A brass jetton made in Nuremberg, Germany, in the early 16th century. This example was found in the moat at Caerlaverock Castle during digs carried out from 1955 to 1966.
The Virgin and Child are shown on the front of the disc, along with the Lombardic letters “+SA+SA+SA+SA+SA+AS+A+”. On the back is an eagle, its wings spread, and more lettering.
Jettons were not currency but counters used on a board to perform sums. The castle chamberlain, who was in charge of finances, may have used this example to keep track of tenants’ rent payments and debts.
Alternatively, a mother-to-be may have used or worn this jetton as a charm or amulet. She may have sought the aid of the Virgin Mary for protection during pregnancy and childbirth and to deliver a healthy heir.

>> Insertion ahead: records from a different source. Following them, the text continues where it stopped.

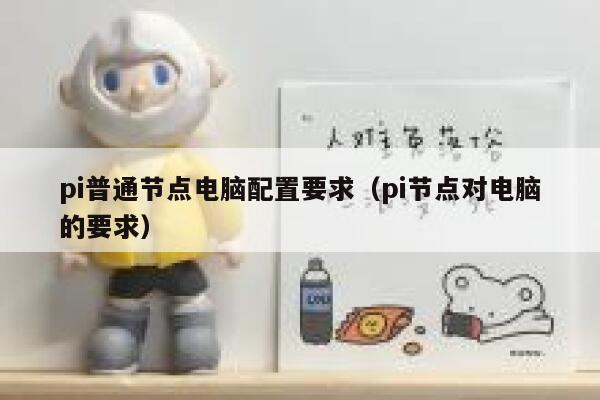 pi普通节点电脑配置要求(pi节点对电脑的要求) 第1张 pi普通节点电脑配置要求(pi节点对电脑的要求) 第1张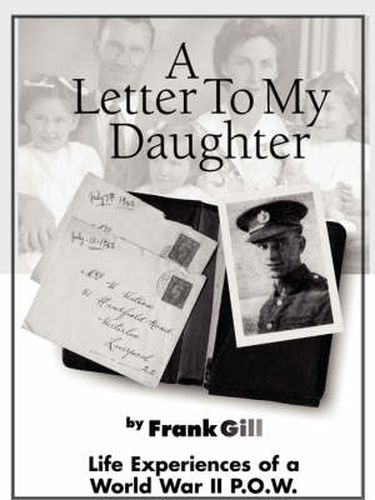 Cover image for A Letter to My Daughter: Life Experiences of a World War II P.O.W.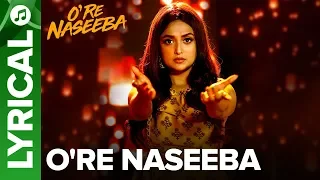 O Re Naseeba #MeToo - Full Song With Lyrics | Monali Thakur | Krishika Lulla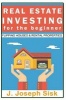 Real Estate Investing - For the Beginner: Start Flipping Houses and Rental Properties (Paperback) - J Joseph Sisk Photo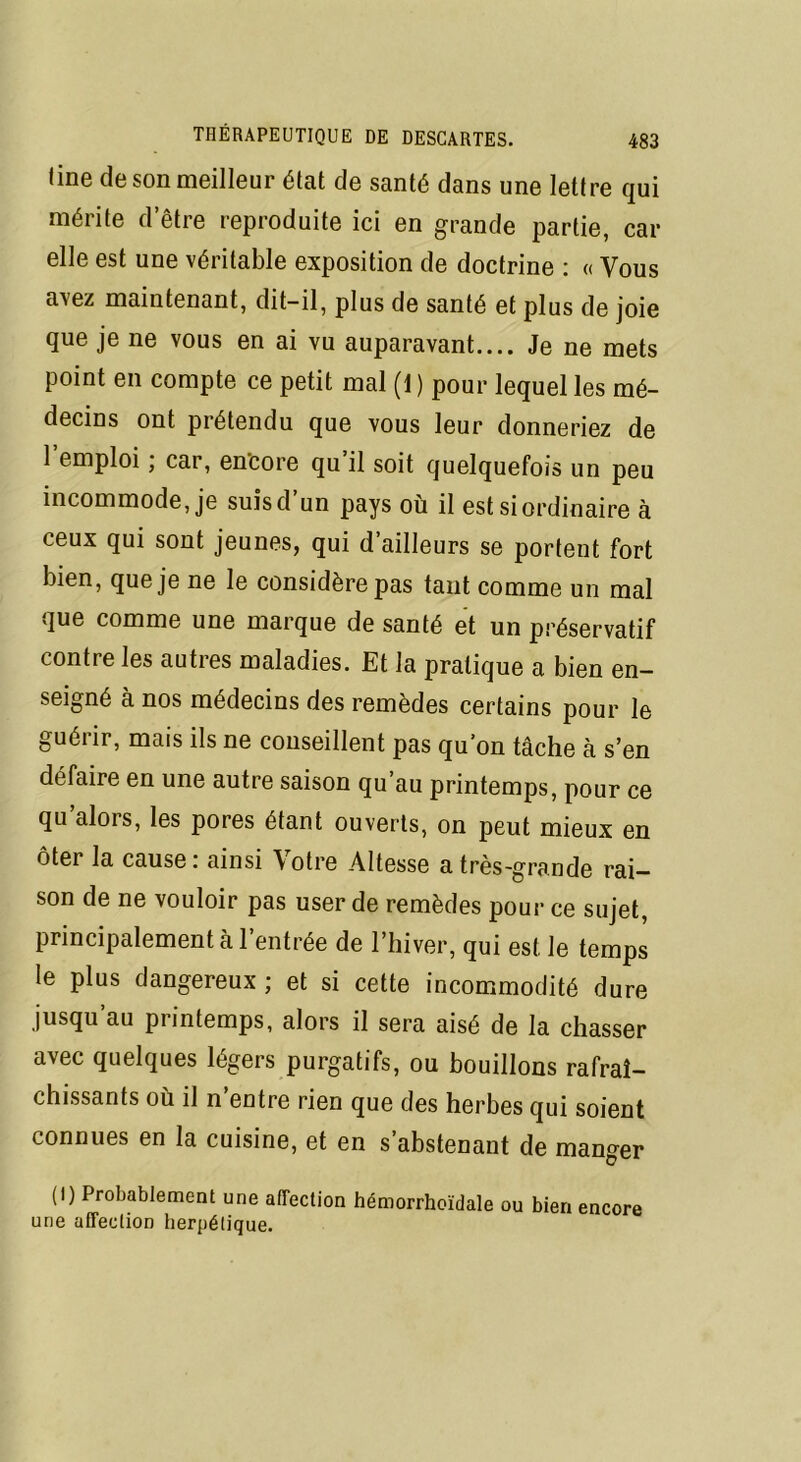 line de son meilleur état de santé dans une lettre qui mérite d’être reproduite ici en grande partie, car elle est une véritable exposition de doctrine : « Vous avez maintenant, dit-il, plus de santé et plus de joie que je ne vous en ai vu auparavant.... Je ne mets point en compte ce petit mal (1 ) pour lequel les mé- decins ont prétendu que vous leur donneriez de 1 emploi, car, encore qu il soit quelquefois un peu incommode, je suisd un pays où il est si ordinaire à ceux qui sont jeunes, qui d’ailleurs se portent fort bien, que je ne le considère pas tant comme un mal que comme une marque de santé et un préservatif contre les autres maladies. Et la pratique a bien en- seigné à nos médecins des remèdes certains pour le guérir, mais ils ne conseillent pas qu’on tâche à s’en défaire en une autre saison qu’au printemps, pour ce qu'alors, les pores étant ouverts, on peut mieux en ôter la cause : ainsi Votre Altesse a très-grande rai- son de ne vouloir pas user de remèdes pour ce sujet, principalement à l’entrée de l’hiver, qui est le temps le plus dangereux ; et si cette incommodité dure jusqu’au printemps, alors il sera aisé de la chasser avec quelques légers purgatifs, ou bouillons rafraî- chissants où il n’entre rien que des herbes qui soient connues en la cuisine, et en s’abstenant de manger (I) Probablement une affection hémorrhoïdale ou bien encore une affection herpétique.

Caerlaverock’s triangular shape is unique among British castles. A walk around the castle gives a sense of its strength, economy of form and pleasing geometry.
Three lengths of defensive curtain wall are linked at their three angles by high corner towers. On the north side is an impressive twin-towered gatehouse, where the Maxwells had their private rooms.
The Maxwells repaired and upgraded Caerlaverock over the years. The impressive machicolations (slotted defences) at the top of each tower date from the late 1300s or early 1400s – by which time the Wars of Independence with England had taken their toll.
Inside the castle walls is the remarkable Nithsdale Lodging, built in the 1630s by Robert Maxwell, 1st Earl of Nithsdale. Its attractive façade, with its ornate Renaissance stone carvings, is a sharp contrast to the severe castle walls.
Tale of two sieges
Caerlaverock was besieged and captured on numerous occasions, but two sieges in particular stand out.
The first, in July 1300, involved Edward I himself. The small garrison surrendered within two days of facing the full might of the English king’s army. A contemporary account of the siege is one of the most fascinating recorded for any castle in the British Isles.
The second siege, in 1640, was the castle’s last. It was brought about by Lord Maxwell’s loyalty to Charles I during his struggles with the Covenanters. The garrison held out for 13 weeks before surrendering.
Afterwards the castle was stripped of valuable fixtures and fittings and its great south curtain wall demolished so that Caerlaverock could never again be used as a place of defence.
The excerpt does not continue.